The New Tax Law & Its Impact on Real Estate

Last December, we published an article on how the proposed tax legislation could impact real estate in Silicon Valley and beyond. Now that the dust has settled and the tax laws have been approved, finalized and analyzed by industry experts, below is an overview of the implications to real estate.

Tax Rates

There continues to be seven tax brackets based on income but most of these have been lowered. The seven tax brackets are 10%, 12%, 22%, 24%, 32%, 35% and 37%.

The maximum of 15% for capital gains remains unchanged with 20% being applied to those in the highest tax bracket.

There is also a 25% rate on the “recapture” of real estate depreciation.

Mortgage Interest Deductions

The mortgage loan amount that can be deducted has been reduced from $1 million to $750,000. This applies to new loans taken out as of December 14, 2017 or later. All mortgages of the prior $1 million limit issued before this date are grandfathered in and are not subject to the $750,000 limitation. Neither amount is indexed for inflation.

Mortgage interest deductions for second homes remain allowable and are subject to the above requirements.

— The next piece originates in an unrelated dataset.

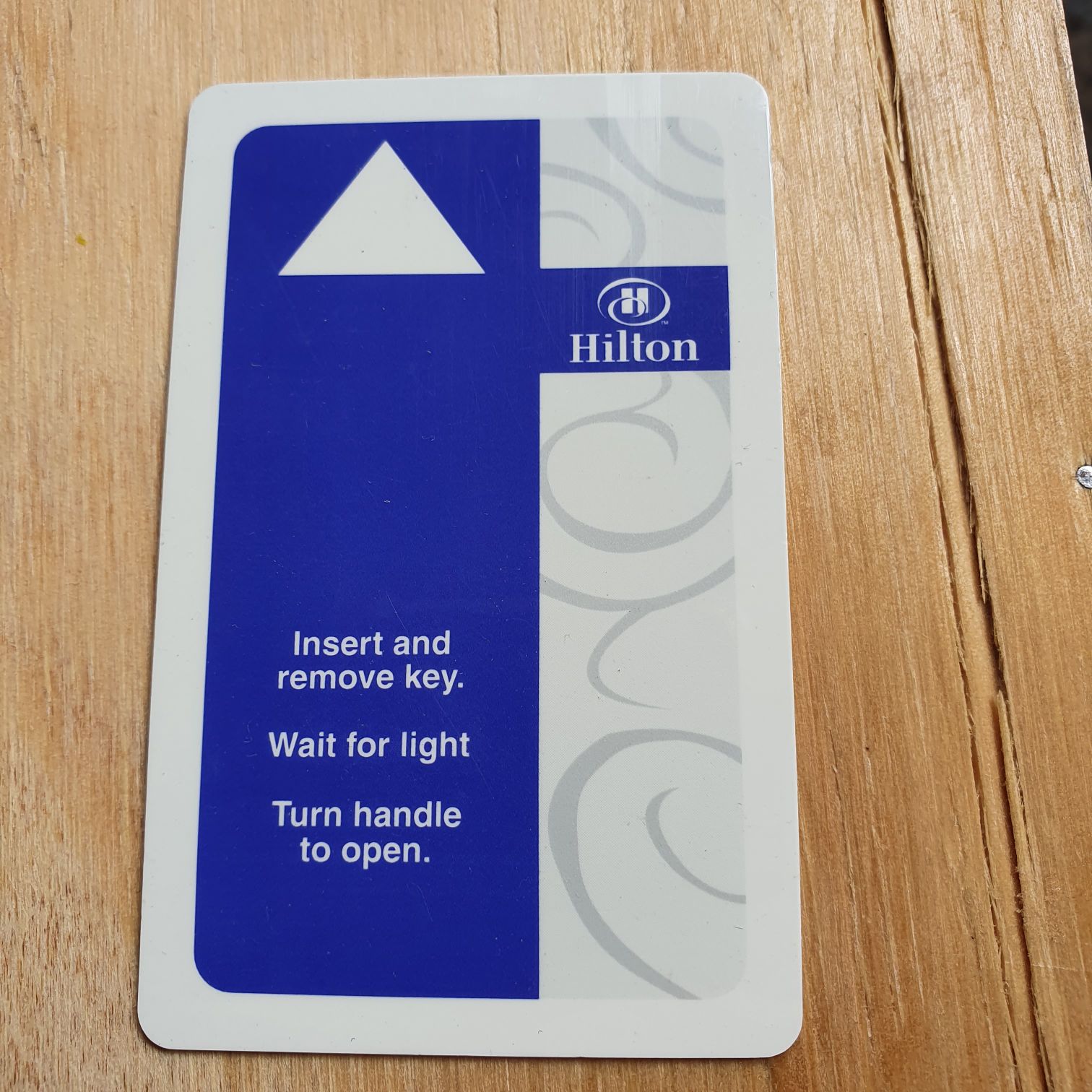 Hotel Hilton - Hilton art collectible - Main Image 1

Homeowners can refinance mortgages that existed prior to the 12/14/2017 date up to $1 million and still deduct interest as long as the new loan does not surpass the amount of the mortgage being refi’ed.

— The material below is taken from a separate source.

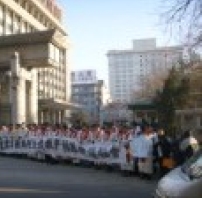 神職人員被打事件重演 教友呼籲伸張正義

With regard to HELOCs and home equity loans, the new law repeals the deduction of interest for these loans through December 31, 2015. The exception is when the funds from an equity or second mortgage are used to substantially improve the homeowner’s residence.

Standard Deductions

The revised tax laws have nearly doubled the standard deductions. The new deduction for a single taxpayer is now $12,000 (up from $6,350) while the deduction for married filing jointly has increased to $24,000 from the previous amount of $12,700.

State & Local Taxes (SALT)

During the next tax filing period, taxpayers will only be able to deduct a total of $10,000 in both state and local taxes for property, sales or income tax. This limit applies to both single and married filers and is not indexed for inflation.

Alternative Minimum Tax (AMT)

The AMT remains but with an increase in the amount of income that is exempt for individuals. This new tax law has repealed the corporate AMT.

Like-Kind (1031) Exchanges

The final bill preserves the existing 1031 exchange rules for real estate but rescinds this like-kind exchange for personal property.

Carried Interest

Carried interest, also referred to as promoted interest, is financial interest in the long-term capital gain of a development. It is typically given to a general partner and can result in paying a lower tax rate.

The new legislation requires carried interest to be held for three years in order to qualify for the current-law capital gains protocols.

Pass Through Relief

Most entities such as S corporations, limited liability companies and even some sole proprietors will enjoy a 20% deduction off the top of their income. The income thresholds are $157,500 for singles and $315,000 for those married, filing jointly. This includes ALL income sources including rental income.  If taxable income exceeds these amounts but is less than $207,500/$415,000 respectively, a deduction is still possible but at a reduced rate. Estates and trusts are also eligible for this pass through relief.

For specific information on how these new tax laws will affect you, we encourage you to contact your financial advisor or CPA.